_What to do:_ An exact copy of all the data is needed, with every picture left out.

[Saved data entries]
▼

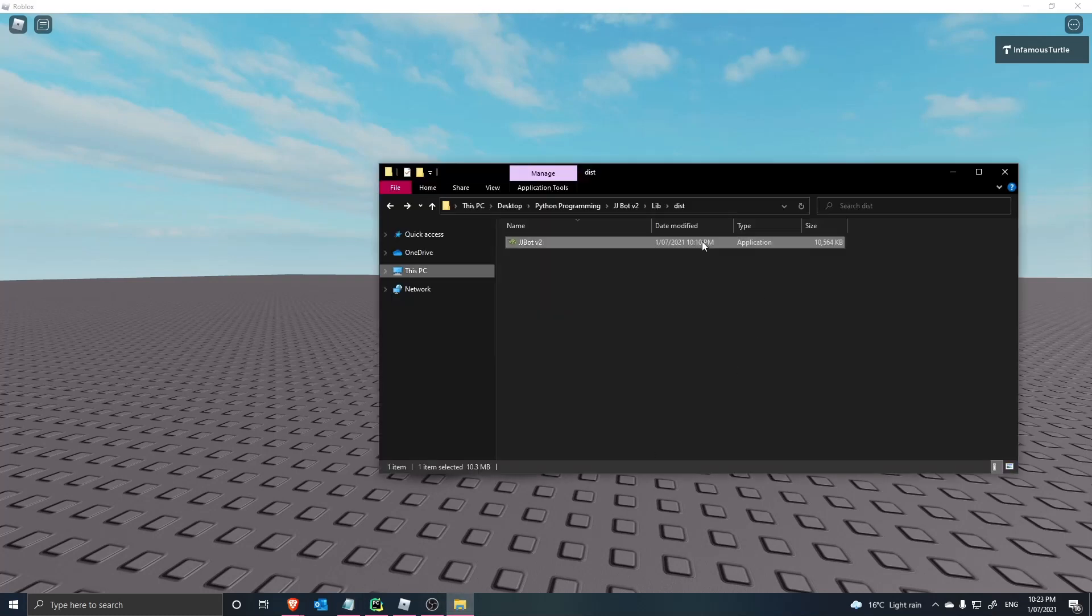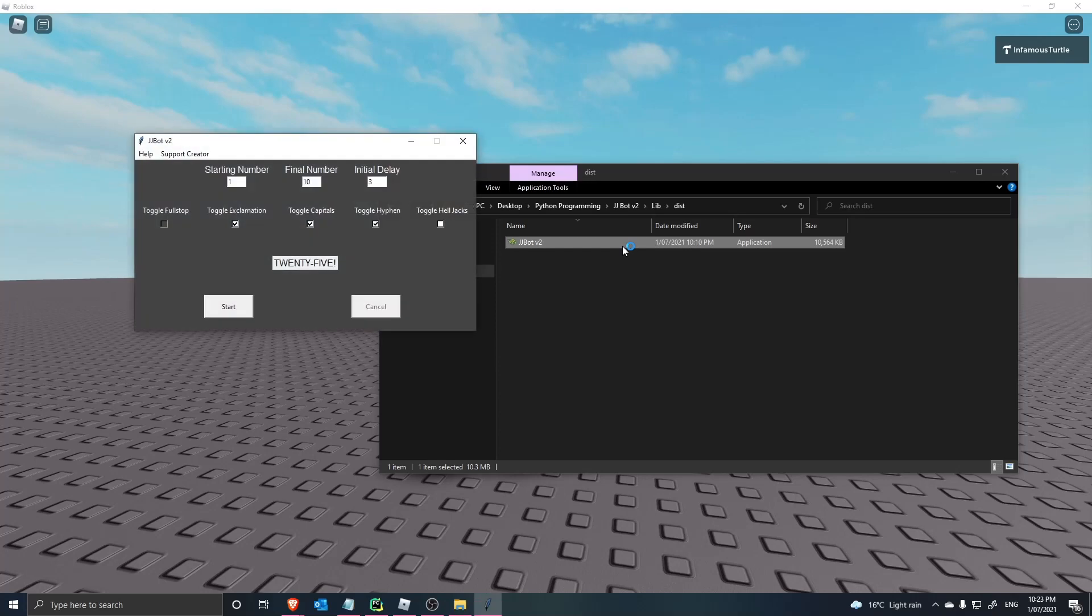So once you've downloaded it, it should be in your folder somewhere. I made it a single exe, so you should be able to open this up.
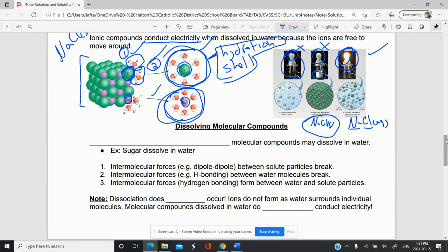In this video, we're going to take a look at how molecular compounds dissolve. We're going to focus on molecular compounds dissolving in water, because that's our main focus for this unit in chemistry. The rule is that like dissolves like. So if you have a polar molecular compound, then that may dissolve in water. For example, sugar is polar, and so it can dissolve in water because water is polar.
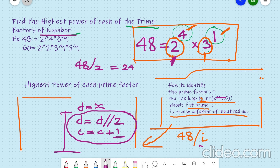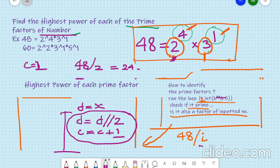The counter c increments to 1. Then 24 divided by 2 again, setting the counter to 2. Similarly 12 divided by 2 gives 6, then 6 divided by 2 gives 3. Now 3 divided by 2 gives a non-integral value, so we stop the counter. That is how we find the highest power. We will call this function for each of the prime factors whenever we have identified one, and the function will give us the highest power.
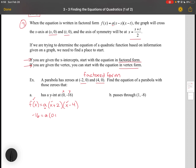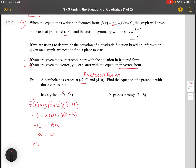Substituting (0, -16): we get -16 = a(0 + 2)(0 - 4), which gives -16 = -8a, so a equals 2. We can then write the equation as f(x) = 2(x + 2)(x - 4).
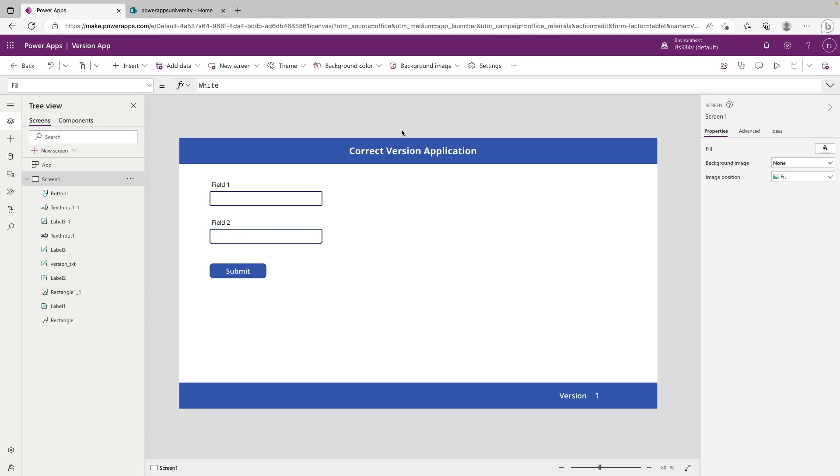Today we have a quick video going over a process on how to make sure that your end users' Canvas applications are always up to date and running on the newest published version that you've released.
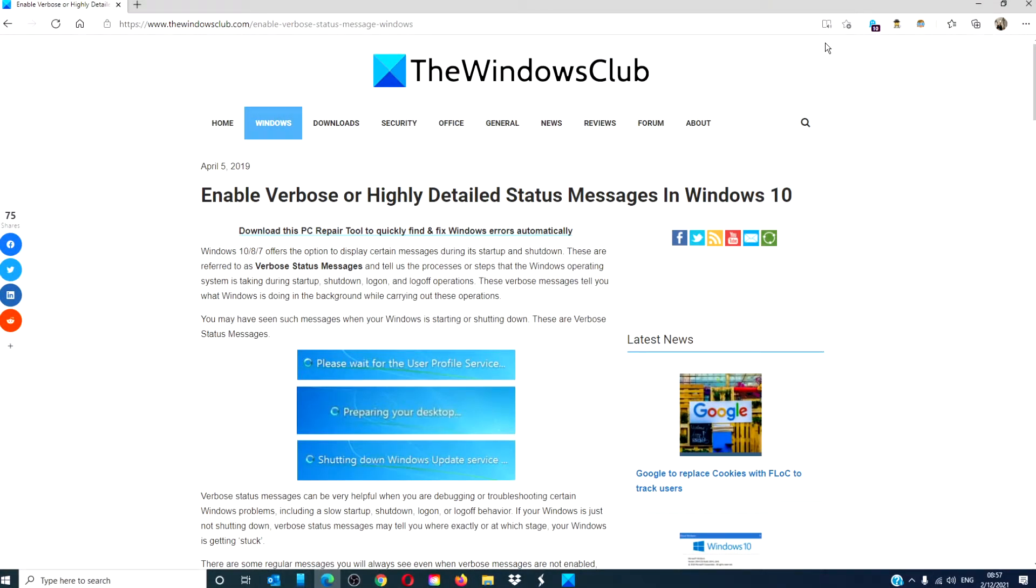Hello Windows Universe! In this video we will talk about how to enable verbose or highly detailed status messages. For a more in-depth look at the topic, be sure to check out the article in the description down below.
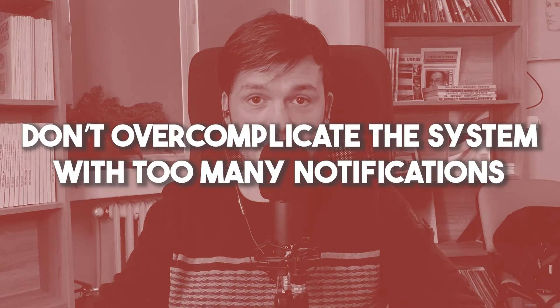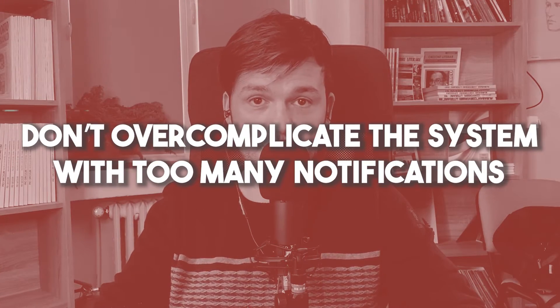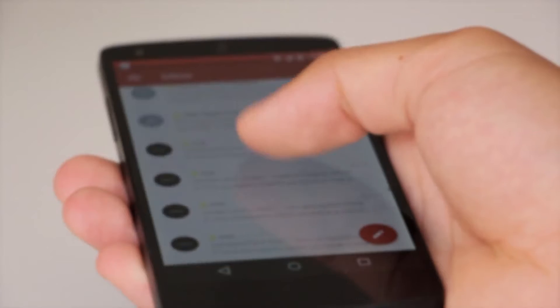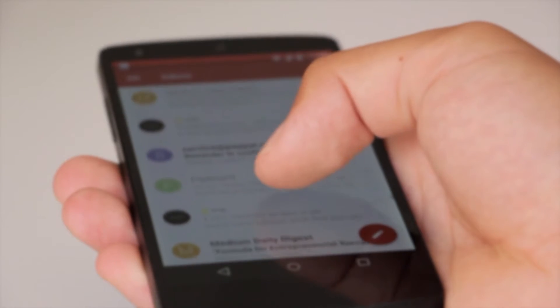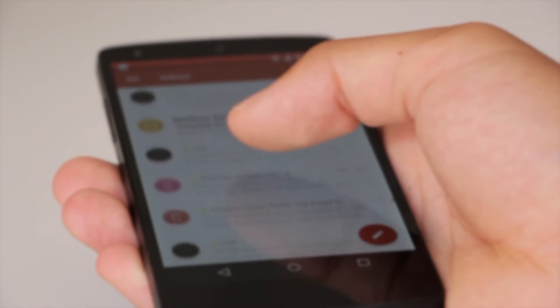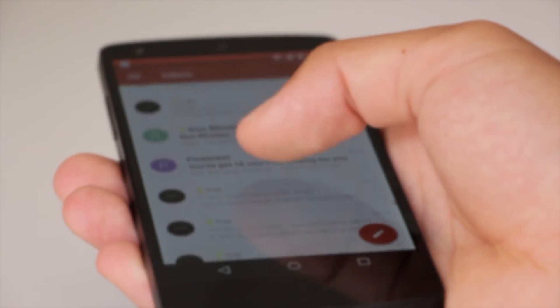Don't overcomplicate the system with too many notifications. It is customer experience best practice to keep as few touches as possible with your customers. Don't always email them about every small detail. If you receive too many emails from someone, you get tired and stop paying attention. Keep it at a minimum.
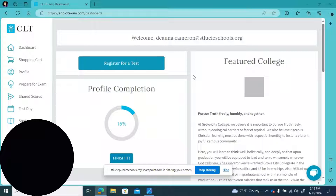Hi guys, it's Mrs. Cameron here. Just showing you guys where to look for your CLT practice test.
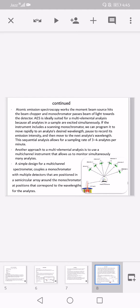Atomic emission spectroscopy works when the beam source hits the beam chopper and monochromator, passing a beam of light towards the detector. Atomic emission spectroscopy is ideally suited for multi-elemental analysis because all analytes in a sample are excited simultaneously. If the instrument includes a scanning monochromator, we can program it to move rapidly to the analyte's desired wavelength, pause to record its emission intensity, and then move to the next analyte's wavelength.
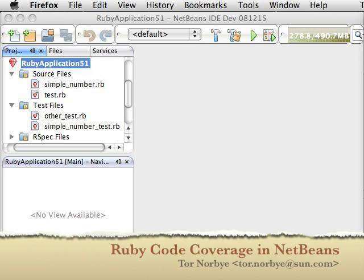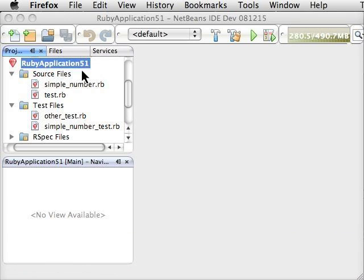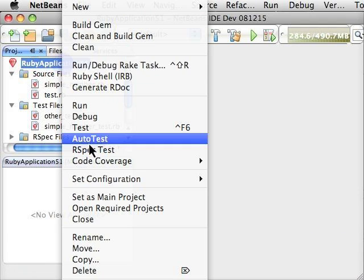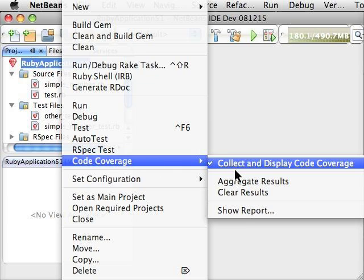This is a demo of the new code coverage feature we have in NetBeans for Ruby and for Python. This is a Ruby project, and what I can do now is right-click on it and select Collect and Display Code Coverage.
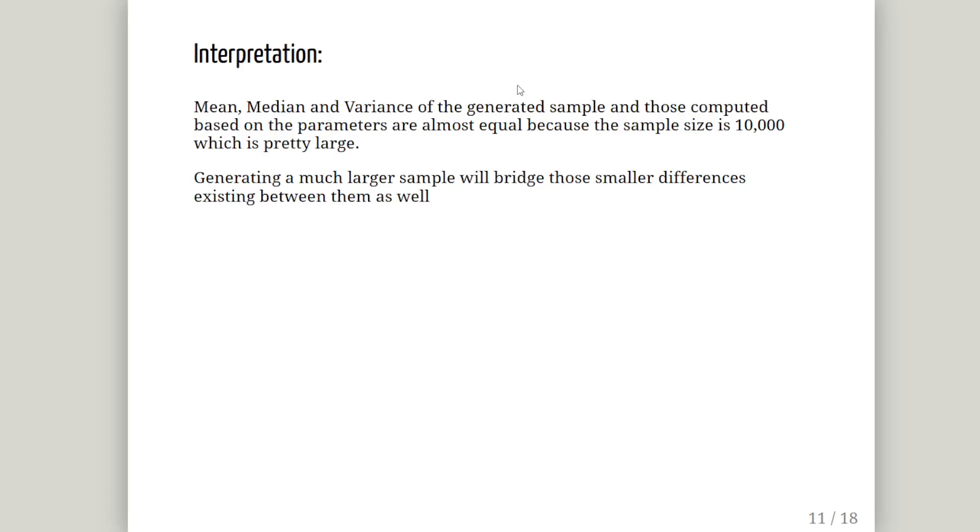So essentially, the larger the sampling size, the smaller the sampling fluctuations you will get. Which is to say the difference between population means, population analytical values such as the population mean and population variance, and the corresponding sample mean and sample variance. As the sample size increases, the sampling fluctuations dissipate to the point that they become negligible.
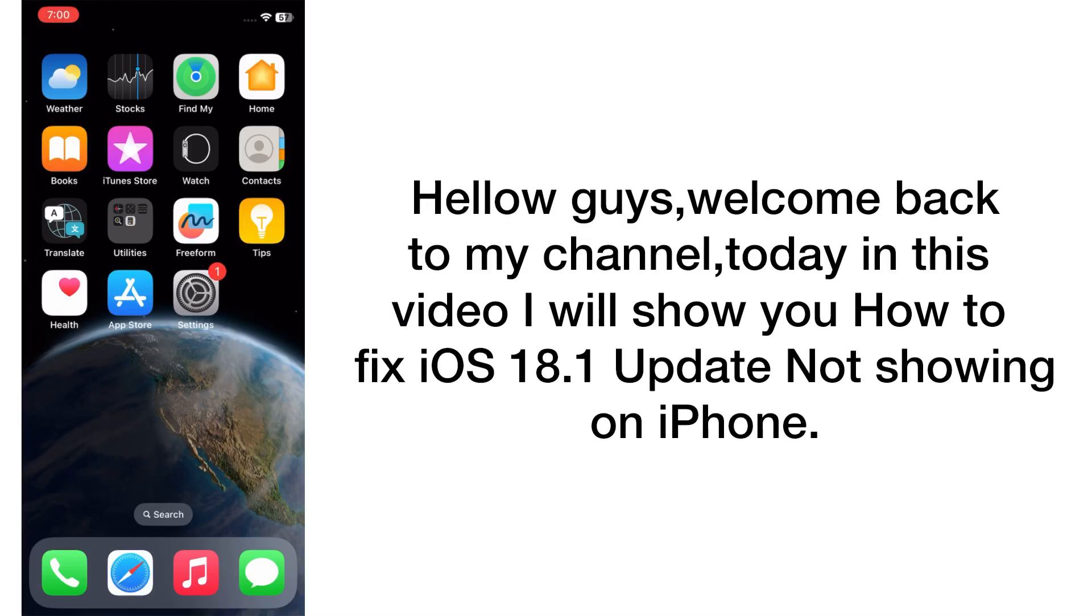Hello guys, welcome back to my channel. Today in this video I will show you how to fix iOS 18.1 update not showing on iPhone. First of all, subscribe to my YouTube channel and press the bell icon to get new tech videos.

▲

_The completed task:_
So once you've downloaded it, it should be in your folder somewhere. I made it a single exe, so you should be able to open this up.
In this video, we're going to take a look at how molecular compounds dissolve. We're going to focus on molecular compounds dissolving in water, because that's our main focus for this unit in chemistry. The rule is that like dissolves like. So if you have a polar molecular compound, then that may dissolve in water. For example, sugar is polar, and so it can dissolve in water because water is polar.
The counter c increments to 1. Then 24 divided by 2 again, setting the counter to 2. Similarly 12 divided by 2 gives 6, then 6 divided by 2 gives 3. Now 3 divided by 2 gives a non-integral value, so we stop the counter. That is how we find the highest power. We will call this function for each of the prime factors whenever we have identified one, and the function will give us the highest power.
Substituting (0, -16): we get -16 = a(0 + 2)(0 - 4), which gives -16 = -8a, so a equals 2. We can then write the equation as f(x) = 2(x + 2)(x - 4).
Today we have a quick video going over a process on how to make sure that your end users' Canvas applications are always up to date and running on the newest published version that you've released.
Hello Windows Universe! In this video we will talk about how to enable verbose or highly detailed status messages. For a more in-depth look at the topic, be sure to check out the article in the description down below.
Don't overcomplicate the system with too many notifications. It is customer experience best practice to keep as few touches as possible with your customers. Don't always email them about every small detail. If you receive too many emails from someone, you get tired and stop paying attention. Keep it at a minimum.
Hi guys, it's Mrs. Cameron here. Just showing you guys where to look for your CLT practice test.
Atomic emission spectroscopy works when the beam source hits the beam chopper and monochromator, passing a beam of light towards the detector. Atomic emission spectroscopy is ideally suited for multi-elemental analysis because all analytes in a sample are excited simultaneously. If the instrument includes a scanning monochromator, we can program it to move rapidly to the analyte's desired wavelength, pause to record its emission intensity, and then move to the next analyte's wavelength.
This is a demo of the new code coverage feature we have in NetBeans for Ruby and for Python. This is a Ruby project, and what I can do now is right-click on it and select Collect and Display Code Coverage.
So essentially, the larger the sampling size, the smaller the sampling fluctuations you will get. Which is to say the difference between population means, population analytical values such as the population mean and population variance, and the corresponding sample mean and sample variance. As the sample size increases, the sampling fluctuations dissipate to the point that they become negligible.
Hello guys, welcome back to my channel. Today in this video I will show you how to fix iOS 18.1 update not showing on iPhone. First of all, subscribe to my YouTube channel and press the bell icon to get new tech videos.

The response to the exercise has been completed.